Ancak o aşama ne, hangi eksen üzerinden pazarlıklar sürüyor, İmralı’ya kim gitti, gidenler ne konuştu, konuşulanlar açıklanacak mı yoksa yine saklanacak mı, kim hangi pazarlığın sonucunda serbest kalacak ya da içerde kalmaya devam edecek, Komisyon yoğun programından fırsat bulup da ne zaman toplanacak, toplandığında bu kez halktan hangi bilgileri saklayacak hepsi ayrı bir soru işareti.

Peki, gerçekten neler oluyor?

Komisyon’a zahmet olmuyor mu?

Meclis’te “çözüm süreci” için kurulan bir komisyon var malum.

Kurulduktan sonra sadece iki başlıkta gündeme girebilen bu komisyon (gizli toplantı kararı ve İmralı’ya gidiş), bir türlü “vekillerin yoğun programı” dolayısıyla toplanamıyor.

İmralı ziyareti öncesi oylama yapılacak gün defalarca güncellendi, şimdi de “tarihi önemde”, “çok kritik” denilen İmralı ziyareti sonrası ne zaman toplanacaklar diye bekleniyor.

Belli ki Meclis’e uğrayamayacak kadar yoğun olan vekiler, Komisyon için de uygun zaman bulmakta zorlanıyor.

Bu yüzden de önce dün yapılacağını duyurdukları toplantıyı 1 Aralık’a ertelediler, sonra da 1 Aralık’ı 4 Aralık olarak güncellediler.

Tekrar ertelerler mi ayrı bir soru işareti ama toplanmaya pek niyetleri var gbi görünmüyor.

Ancak işin tuhafı toplanmalarının da bir hükmü bulunmuyor.

Komisyon İmralı’ya AKP, DEM, MHP, EMEP ve TİP’in “evet” oylarıyla gitmişti. Şimdi yeniden bir araya gelecekler ve İmralı’da kayıt altına alınan tutanağı konuşacaklar.

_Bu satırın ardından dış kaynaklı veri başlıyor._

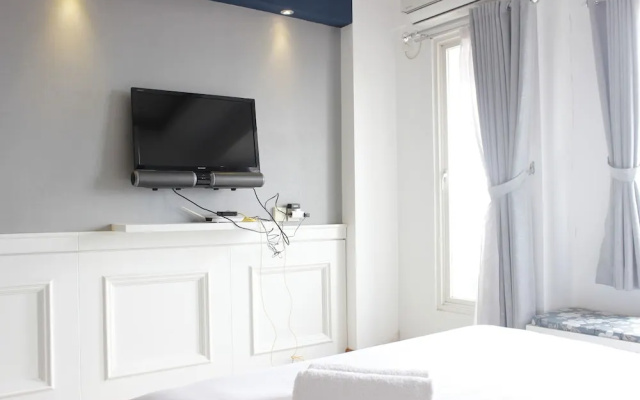 Pleasant Studio Room @ Galeri Ciumbuleuit 2 Apartment By Travelio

Bu tutanağın “halkla paylaşıp paylaşılmayacağı” ise bilinmiyor. Beklenti yine bir oylama yapıp bu oturumu da halktan kaçırmaları.

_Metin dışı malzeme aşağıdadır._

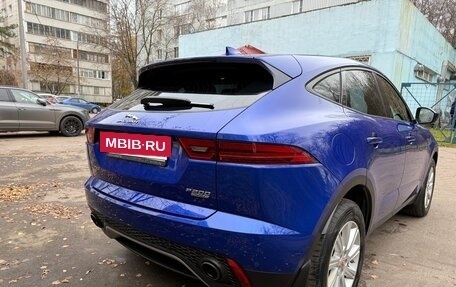 Jaguar E-Pace, 2019 год, 2 750 000 рублей, 4 фотография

Daha önceki tüm kritik toplantılarda yaptıkları gibi.

Peki, neyi saklıyorlar gerçekten?

Ülkede barışı ve kardeşliği getirecek dedikleri süreç için madem çok kritik konular konuşuldu, kritik kararlar alındı, bunları ilan edecekleri toplantıları neden kamuoyundan, halktan kaçırıyorlar?

Belki de halktan kaçırmaları gereken bir yol haritaları olduğu içindir…

CHP Genel Başkanı Özgür Özel'in açıkladığı AKP teklifi tam da bunun işareti değil mi:

Helikopterin kalktığı, indiği belli olmayacak. Gidildikten sonra bir gün sorulacak, ‘O iş yapıldı’ denecek. Hatta istiyorsanız kimin gittiği bile gizli kalabilir, ‘CHP’den biri gitti’ deriz. İlla gelin” dedi. Ben de “Gitmek mi bu o zaman?” dedim. O da “Bu iş böyle olacak” dedi. Bu ziyaretten bizi alıkoyan neyse, AKP de bunu görüyor. Bunun kendince bir maliyet yaratacağını düşünüyor.

Demirtaş parantezi: Pazarlık sürüyor

Öyle bir süreç ki, her şey pazarlık usulüyle ilerliyor.

Bir AİHM kararı sonrası Demirtaş serbest bırakılacak mı sorusu ortaya atılıyor.

Bu sorunun ardından Bahçeli “süreç için hayırlı olacaktır” diyor ve yeşil ışığı yakıyor. Sonra gözler Erdoğan’a dönüyor, itiraz etmemesi tahliye için yeterli görülüyor, Adalet BakanIı çıkıyor, “karar inceleniyor, söz mahkemenin” diyor.

Tüm bu sürecin ardından Demirtaş’ın ailesi ve yakınları Diyarbakır’dan Edirne’ye tahliye haberi için yola düşüyor ve bu adımın üzerinden yaklaşık üç hafta geçmesine rağmen en ufak bir adım atılmıyor.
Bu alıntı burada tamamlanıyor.